Not so many cooperatives to apply for, are there? Otherwise I would definitely prefer worker owned.


But you can create one? If many people wanted to join a cooperative - then it should be easy to do?


you? Maybe. Me? I have about 15k in credit card bills, $20 in the bank, and my current rent/utiliies take up ~60% of my monthly income. I also have no leverage to be trusted to run a co-op, so I can't attract proper talent to realize the business.

Maybe in a decade when the market and my debt recovers? But I'm planing to work for myself anyway. I have no issues with a co-op if I ever make enough to bring someone else on.


Good idea, I'm gonna quit my job today and start my own coop with all the earnings my current employer shared with me! Oh, wait...

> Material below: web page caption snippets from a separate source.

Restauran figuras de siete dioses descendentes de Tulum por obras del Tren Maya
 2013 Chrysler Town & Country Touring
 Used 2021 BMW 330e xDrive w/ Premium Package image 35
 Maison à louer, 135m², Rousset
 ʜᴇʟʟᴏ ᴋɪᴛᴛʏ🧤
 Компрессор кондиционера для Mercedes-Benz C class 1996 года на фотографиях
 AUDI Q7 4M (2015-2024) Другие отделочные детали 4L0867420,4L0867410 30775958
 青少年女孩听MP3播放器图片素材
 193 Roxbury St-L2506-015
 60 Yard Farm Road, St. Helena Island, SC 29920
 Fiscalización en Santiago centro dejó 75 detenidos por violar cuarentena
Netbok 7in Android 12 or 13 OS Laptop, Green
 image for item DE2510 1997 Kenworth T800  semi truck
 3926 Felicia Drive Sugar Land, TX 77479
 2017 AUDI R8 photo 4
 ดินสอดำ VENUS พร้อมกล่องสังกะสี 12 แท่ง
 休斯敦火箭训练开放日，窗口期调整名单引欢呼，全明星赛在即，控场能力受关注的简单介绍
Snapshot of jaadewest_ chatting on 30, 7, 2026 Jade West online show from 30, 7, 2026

Seriously though, most people cannot afford to just quit. You at least need savings for that, and you need to be fine with burning through them and still failing, cause that's a very real possibility.


Please, again, don't be so naive. You know that creating a company requires capital (not just financial, all of them), which only the richest have. By design.


> And yet people overwhelmingly prefer to work for these non-employees owned companies instead of working in cooperatives - how do you explain that?

Easily: there are far more non-employee owned companies than employee owned. Thus this isn’t a preference at all, it’s merely the availability of the market.

Now you could say that entrepreneurs who start companies have a preference for non-employee owned, thus explaining the aforementioned market allotment. Again that’s pretty easy to explain, because of course such an entrepreneur would give up ownership in an employee-owned arrangement. It’s also just the de facto paradigm most are aware of in news cycles and business schools, and is easier to setup and support.


> yet people overwhelmingly prefer to work for these non-employees owned companies instead of working in cooperatives - how do you explain that?

Really? Or are there simply far more non-coop job openings available? Is there data on the applications per listing that directly compares ownership structures to normalize for workforce size?